Mi palabra de gitano. Recuerdos de la Transición (II)

1787
Dolores Ibárruri, ‘La Pasionaria’, y Rafael Alberti en el Congreso de los Diputados
Juan de Dios Ramírez-Heredia Montoya

Hoy acudiré al Congreso de los Diputados. Han transcurrido cuarenta años desde que lo hice por primera vez, y aunque mi vida parlamentaria ha sido amplia y extensa en el tiempo, lo que me ha permitido conocer muy bien cada rincón de aquel templo donde reside la soberanía del pueblo español, no puedo evitar un sentimiento de nostalgia al rememorar la intensidad con que vivimos aquellos días primeros de la Transición.

Ya conté días pasados como se produjo mi entrada en el edificio por la estrecha puerta de la calle Fernanflor y quienes me acompañaban en aquel momento. Atravesé el pasillo que da acceso al ropero donde los diputados dejamos la ropa superflua y los enseres que transportamos de un lado para otro y me encontré con las tres principales puertas que dan acceso al hemiciclo. La puerta central, que es por la que entran sus majestades los reyes y que permanece cerrada el resto del año, y las dos puertas laterales, que conectan el salón de plenos con el pasillo de los pasos perdidos.
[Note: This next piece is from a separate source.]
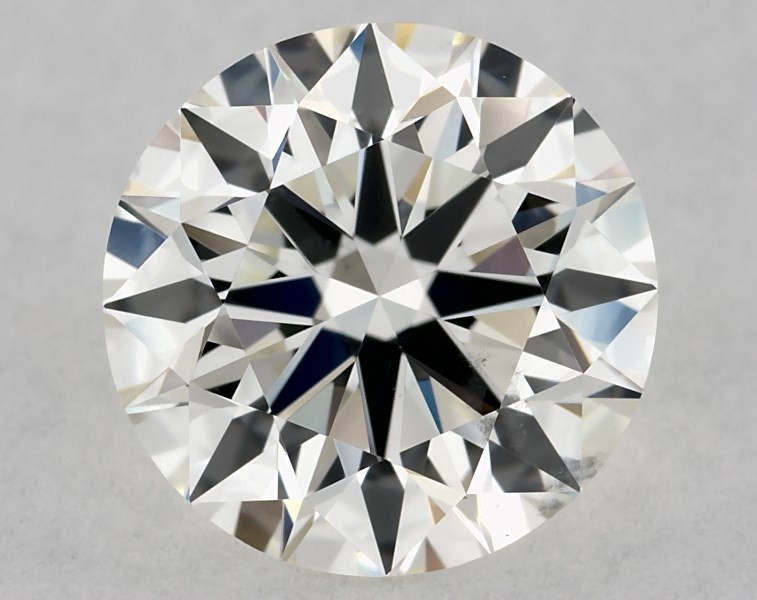 GIA 1.00 Carat J-SI1 Very Good Cut Round Natural Diamond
Esta fisonomía no ha cambiado en absoluto. En 1977 era exactamente igual que la vemos ahora. Sí ha cambiado el mobiliario del interior del hemiciclo. Los primeros años que pasamos en su interior fueron de auténtico suplicio. Los diputados debíamos sentarnos en bancos corridos, duros como una piedra e incómodos. No como ahora en que Sus Señorías cuentan con un cómodo asiento individual.

Decían los más viejos del grupo, mejores conocedores de la vida parlamentaria de los antiguos procuradores franquistas, que ¿para qué hacer un salón más cómodo y funcional, si los titulares de la representación del pueblo iban pocas veces y cuando lo hacían era simplemente para aprobar, o para aplaudir, lo que previamente se había decidido en otras instancias del poder político de entonces?

En junio de 1977 ni siquiera teníamos una repisa en la que depositar los papeles que pudiésemos necesitar para seguir el desarrollo del orden del día. Tan solo disponíamos de una pequeña tablita, colgada por dos bisagras en el respaldar de la bancada anterior, en la que podíamos depositar el paquete de tabaco y el mechero. Cosa que duró hasta el tres de abril de 1984 en que don Gregorio Peces Barba, fumador empedernido de gruesos cigarros puros, decretó que en el interior del hemiciclo no se podía fumar.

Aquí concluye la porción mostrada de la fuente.